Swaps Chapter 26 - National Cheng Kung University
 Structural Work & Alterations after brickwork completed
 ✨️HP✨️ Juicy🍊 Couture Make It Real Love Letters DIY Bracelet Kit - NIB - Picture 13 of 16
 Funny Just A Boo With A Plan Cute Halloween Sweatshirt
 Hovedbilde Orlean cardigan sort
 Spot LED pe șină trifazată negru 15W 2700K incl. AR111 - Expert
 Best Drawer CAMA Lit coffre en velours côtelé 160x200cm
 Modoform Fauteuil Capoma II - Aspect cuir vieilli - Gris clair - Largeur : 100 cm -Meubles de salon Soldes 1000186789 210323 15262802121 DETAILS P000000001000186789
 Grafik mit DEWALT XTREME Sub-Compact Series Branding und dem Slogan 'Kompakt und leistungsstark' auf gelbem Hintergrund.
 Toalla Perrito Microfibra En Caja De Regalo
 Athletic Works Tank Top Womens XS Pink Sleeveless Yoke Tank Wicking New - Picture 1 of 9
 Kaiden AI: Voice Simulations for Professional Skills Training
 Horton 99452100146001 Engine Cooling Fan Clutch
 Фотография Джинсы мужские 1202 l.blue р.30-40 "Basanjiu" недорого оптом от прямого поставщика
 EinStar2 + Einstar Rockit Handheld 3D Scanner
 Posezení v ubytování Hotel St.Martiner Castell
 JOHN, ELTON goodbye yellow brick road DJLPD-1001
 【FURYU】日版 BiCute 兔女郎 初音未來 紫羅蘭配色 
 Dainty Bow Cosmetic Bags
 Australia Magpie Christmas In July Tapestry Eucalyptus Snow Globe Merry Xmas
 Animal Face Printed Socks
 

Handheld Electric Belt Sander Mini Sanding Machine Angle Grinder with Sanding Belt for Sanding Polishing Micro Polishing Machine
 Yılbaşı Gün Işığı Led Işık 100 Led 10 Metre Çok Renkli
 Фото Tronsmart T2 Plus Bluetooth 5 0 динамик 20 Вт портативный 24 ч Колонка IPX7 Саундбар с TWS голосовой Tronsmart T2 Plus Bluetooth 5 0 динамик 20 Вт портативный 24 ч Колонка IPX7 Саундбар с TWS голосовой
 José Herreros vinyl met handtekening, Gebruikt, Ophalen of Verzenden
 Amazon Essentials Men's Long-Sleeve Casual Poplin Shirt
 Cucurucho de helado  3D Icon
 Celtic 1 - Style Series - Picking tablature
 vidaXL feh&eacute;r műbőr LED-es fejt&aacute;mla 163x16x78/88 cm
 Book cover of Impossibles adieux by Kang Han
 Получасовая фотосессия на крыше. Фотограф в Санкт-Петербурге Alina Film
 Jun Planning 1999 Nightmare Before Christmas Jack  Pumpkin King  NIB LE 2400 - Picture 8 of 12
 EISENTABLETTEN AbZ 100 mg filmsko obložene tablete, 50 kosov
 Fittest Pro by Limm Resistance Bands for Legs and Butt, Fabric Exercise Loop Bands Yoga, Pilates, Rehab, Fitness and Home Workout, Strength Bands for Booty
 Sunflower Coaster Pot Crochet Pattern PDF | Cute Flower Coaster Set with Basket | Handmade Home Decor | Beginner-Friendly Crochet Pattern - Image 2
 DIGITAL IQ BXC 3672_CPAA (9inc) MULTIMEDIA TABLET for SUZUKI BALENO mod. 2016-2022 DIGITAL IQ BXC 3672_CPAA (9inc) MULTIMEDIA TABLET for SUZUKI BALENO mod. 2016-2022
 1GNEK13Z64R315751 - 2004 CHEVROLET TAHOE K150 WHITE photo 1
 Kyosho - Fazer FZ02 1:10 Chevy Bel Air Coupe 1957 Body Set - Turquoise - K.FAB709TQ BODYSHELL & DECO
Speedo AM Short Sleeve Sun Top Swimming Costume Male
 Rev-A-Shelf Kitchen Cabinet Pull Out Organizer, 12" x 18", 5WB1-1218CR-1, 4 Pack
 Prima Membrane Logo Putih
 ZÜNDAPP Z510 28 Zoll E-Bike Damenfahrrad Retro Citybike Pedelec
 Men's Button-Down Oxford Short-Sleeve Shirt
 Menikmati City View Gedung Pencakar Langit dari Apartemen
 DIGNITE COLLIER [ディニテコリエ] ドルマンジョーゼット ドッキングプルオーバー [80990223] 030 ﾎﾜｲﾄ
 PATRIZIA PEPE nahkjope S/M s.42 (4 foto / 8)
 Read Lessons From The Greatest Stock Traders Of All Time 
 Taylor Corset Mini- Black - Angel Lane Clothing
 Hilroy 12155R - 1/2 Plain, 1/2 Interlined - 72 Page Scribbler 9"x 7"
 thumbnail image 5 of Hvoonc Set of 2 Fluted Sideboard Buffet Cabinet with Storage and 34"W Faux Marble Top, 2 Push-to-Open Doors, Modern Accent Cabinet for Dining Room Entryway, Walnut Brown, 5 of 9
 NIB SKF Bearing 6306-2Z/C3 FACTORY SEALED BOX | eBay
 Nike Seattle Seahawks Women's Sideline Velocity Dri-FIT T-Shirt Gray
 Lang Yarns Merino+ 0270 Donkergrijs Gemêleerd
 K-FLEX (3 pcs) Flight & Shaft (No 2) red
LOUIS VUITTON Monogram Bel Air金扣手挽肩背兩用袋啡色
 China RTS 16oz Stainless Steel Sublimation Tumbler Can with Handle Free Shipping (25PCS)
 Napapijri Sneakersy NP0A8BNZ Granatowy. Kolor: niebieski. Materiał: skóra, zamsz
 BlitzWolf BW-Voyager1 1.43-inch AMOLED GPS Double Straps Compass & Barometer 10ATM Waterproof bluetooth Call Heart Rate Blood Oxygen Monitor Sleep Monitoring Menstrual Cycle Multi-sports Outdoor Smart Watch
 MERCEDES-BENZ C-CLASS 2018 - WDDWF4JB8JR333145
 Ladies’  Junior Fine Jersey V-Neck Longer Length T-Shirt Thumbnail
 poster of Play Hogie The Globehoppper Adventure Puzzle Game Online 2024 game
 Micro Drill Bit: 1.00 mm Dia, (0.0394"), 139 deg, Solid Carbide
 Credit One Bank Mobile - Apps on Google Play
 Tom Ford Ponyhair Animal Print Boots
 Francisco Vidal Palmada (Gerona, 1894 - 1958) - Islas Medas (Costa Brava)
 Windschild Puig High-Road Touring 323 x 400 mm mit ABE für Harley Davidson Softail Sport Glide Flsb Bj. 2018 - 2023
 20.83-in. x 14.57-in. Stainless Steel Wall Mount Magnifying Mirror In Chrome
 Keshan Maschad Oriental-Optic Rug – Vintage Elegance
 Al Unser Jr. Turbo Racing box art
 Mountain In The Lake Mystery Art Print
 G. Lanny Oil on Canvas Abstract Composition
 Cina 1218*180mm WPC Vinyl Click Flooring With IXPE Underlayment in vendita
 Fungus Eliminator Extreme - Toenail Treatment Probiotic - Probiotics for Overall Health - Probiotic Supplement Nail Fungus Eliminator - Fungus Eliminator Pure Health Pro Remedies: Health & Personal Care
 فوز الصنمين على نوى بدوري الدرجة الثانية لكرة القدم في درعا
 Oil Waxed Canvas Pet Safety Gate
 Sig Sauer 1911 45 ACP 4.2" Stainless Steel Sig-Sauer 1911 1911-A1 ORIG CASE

### TASK TO COMPLETE
The data above is to be returned exactly, with nothing altered.

### RESPONSE TO THIS EXERCISE
Swaps Chapter 26 - National Cheng Kung University
 Structural Work & Alterations after brickwork completed
 ✨️HP✨️ Juicy🍊 Couture Make It Real Love Letters DIY Bracelet Kit - NIB - Picture 13 of 16
 Funny Just A Boo With A Plan Cute Halloween Sweatshirt
 Hovedbilde Orlean cardigan sort
 Spot LED pe șină trifazată negru 15W 2700K incl. AR111 - Expert
 Best Drawer CAMA Lit coffre en velours côtelé 160x200cm
 Modoform Fauteuil Capoma II - Aspect cuir vieilli - Gris clair - Largeur : 100 cm -Meubles de salon Soldes 1000186789 210323 15262802121 DETAILS P000000001000186789
 Grafik mit DEWALT XTREME Sub-Compact Series Branding und dem Slogan 'Kompakt und leistungsstark' auf gelbem Hintergrund.
 Toalla Perrito Microfibra En Caja De Regalo
 Athletic Works Tank Top Womens XS Pink Sleeveless Yoke Tank Wicking New - Picture 1 of 9
 Kaiden AI: Voice Simulations for Professional Skills Training
 Horton 99452100146001 Engine Cooling Fan Clutch
 Фотография Джинсы мужские 1202 l.blue р.30-40 "Basanjiu" недорого оптом от прямого поставщика
 EinStar2 + Einstar Rockit Handheld 3D Scanner
 Posezení v ubytování Hotel St.Martiner Castell
 JOHN, ELTON goodbye yellow brick road DJLPD-1001
 【FURYU】日版 BiCute 兔女郎 初音未來 紫羅蘭配色 
 Dainty Bow Cosmetic Bags
 Australia Magpie Christmas In July Tapestry Eucalyptus Snow Globe Merry Xmas
 Animal Face Printed Socks
 

Handheld Electric Belt Sander Mini Sanding Machine Angle Grinder with Sanding Belt for Sanding Polishing Micro Polishing Machine
 Yılbaşı Gün Işığı Led Işık 100 Led 10 Metre Çok Renkli
 Фото Tronsmart T2 Plus Bluetooth 5 0 динамик 20 Вт портативный 24 ч Колонка IPX7 Саундбар с TWS голосовой Tronsmart T2 Plus Bluetooth 5 0 динамик 20 Вт портативный 24 ч Колонка IPX7 Саундбар с TWS голосовой
 José Herreros vinyl met handtekening, Gebruikt, Ophalen of Verzenden
 Amazon Essentials Men's Long-Sleeve Casual Poplin Shirt
 Cucurucho de helado  3D Icon
 Celtic 1 - Style Series - Picking tablature
 vidaXL feh&eacute;r műbőr LED-es fejt&aacute;mla 163x16x78/88 cm
 Book cover of Impossibles adieux by Kang Han
 Получасовая фотосессия на крыше. Фотограф в Санкт-Петербурге Alina Film
 Jun Planning 1999 Nightmare Before Christmas Jack  Pumpkin King  NIB LE 2400 - Picture 8 of 12
 EISENTABLETTEN AbZ 100 mg filmsko obložene tablete, 50 kosov
 Fittest Pro by Limm Resistance Bands for Legs and Butt, Fabric Exercise Loop Bands Yoga, Pilates, Rehab, Fitness and Home Workout, Strength Bands for Booty
 Sunflower Coaster Pot Crochet Pattern PDF | Cute Flower Coaster Set with Basket | Handmade Home Decor | Beginner-Friendly Crochet Pattern - Image 2
 DIGITAL IQ BXC 3672_CPAA (9inc) MULTIMEDIA TABLET for SUZUKI BALENO mod. 2016-2022 DIGITAL IQ BXC 3672_CPAA (9inc) MULTIMEDIA TABLET for SUZUKI BALENO mod. 2016-2022
 1GNEK13Z64R315751 - 2004 CHEVROLET TAHOE K150 WHITE photo 1
 Kyosho - Fazer FZ02 1:10 Chevy Bel Air Coupe 1957 Body Set - Turquoise - K.FAB709TQ BODYSHELL & DECO
Speedo AM Short Sleeve Sun Top Swimming Costume Male
 Rev-A-Shelf Kitchen Cabinet Pull Out Organizer, 12" x 18", 5WB1-1218CR-1, 4 Pack
 Prima Membrane Logo Putih
 ZÜNDAPP Z510 28 Zoll E-Bike Damenfahrrad Retro Citybike Pedelec
 Men's Button-Down Oxford Short-Sleeve Shirt
 Menikmati City View Gedung Pencakar Langit dari Apartemen
 DIGNITE COLLIER [ディニテコリエ] ドルマンジョーゼット ドッキングプルオーバー [80990223] 030 ﾎﾜｲﾄ
 PATRIZIA PEPE nahkjope S/M s.42 (4 foto / 8)
 Read Lessons From The Greatest Stock Traders Of All Time 
 Taylor Corset Mini- Black - Angel Lane Clothing
 Hilroy 12155R - 1/2 Plain, 1/2 Interlined - 72 Page Scribbler 9"x 7"
 thumbnail image 5 of Hvoonc Set of 2 Fluted Sideboard Buffet Cabinet with Storage and 34"W Faux Marble Top, 2 Push-to-Open Doors, Modern Accent Cabinet for Dining Room Entryway, Walnut Brown, 5 of 9
 NIB SKF Bearing 6306-2Z/C3 FACTORY SEALED BOX | eBay
 Nike Seattle Seahawks Women's Sideline Velocity Dri-FIT T-Shirt Gray
 Lang Yarns Merino+ 0270 Donkergrijs Gemêleerd
 K-FLEX (3 pcs) Flight & Shaft (No 2) red
LOUIS VUITTON Monogram Bel Air金扣手挽肩背兩用袋啡色
 China RTS 16oz Stainless Steel Sublimation Tumbler Can with Handle Free Shipping (25PCS)
 Napapijri Sneakersy NP0A8BNZ Granatowy. Kolor: niebieski. Materiał: skóra, zamsz
 BlitzWolf BW-Voyager1 1.43-inch AMOLED GPS Double Straps Compass & Barometer 10ATM Waterproof bluetooth Call Heart Rate Blood Oxygen Monitor Sleep Monitoring Menstrual Cycle Multi-sports Outdoor Smart Watch
 MERCEDES-BENZ C-CLASS 2018 - WDDWF4JB8JR333145
 Ladies’  Junior Fine Jersey V-Neck Longer Length T-Shirt Thumbnail
 poster of Play Hogie The Globehoppper Adventure Puzzle Game Online 2024 game
 Micro Drill Bit: 1.00 mm Dia, (0.0394"), 139 deg, Solid Carbide
 Credit One Bank Mobile - Apps on Google Play
 Tom Ford Ponyhair Animal Print Boots
 Francisco Vidal Palmada (Gerona, 1894 - 1958) - Islas Medas (Costa Brava)
 Windschild Puig High-Road Touring 323 x 400 mm mit ABE für Harley Davidson Softail Sport Glide Flsb Bj. 2018 - 2023
 20.83-in. x 14.57-in. Stainless Steel Wall Mount Magnifying Mirror In Chrome
 Keshan Maschad Oriental-Optic Rug – Vintage Elegance
 Al Unser Jr. Turbo Racing box art
 Mountain In The Lake Mystery Art Print
 G. Lanny Oil on Canvas Abstract Composition
 Cina 1218*180mm WPC Vinyl Click Flooring With IXPE Underlayment in vendita
 Fungus Eliminator Extreme - Toenail Treatment Probiotic - Probiotics for Overall Health - Probiotic Supplement Nail Fungus Eliminator - Fungus Eliminator Pure Health Pro Remedies: Health & Personal Care
 فوز الصنمين على نوى بدوري الدرجة الثانية لكرة القدم في درعا
 Oil Waxed Canvas Pet Safety Gate
 Sig Sauer 1911 45 ACP 4.2" Stainless Steel Sig-Sauer 1911 1911-A1 ORIG CASE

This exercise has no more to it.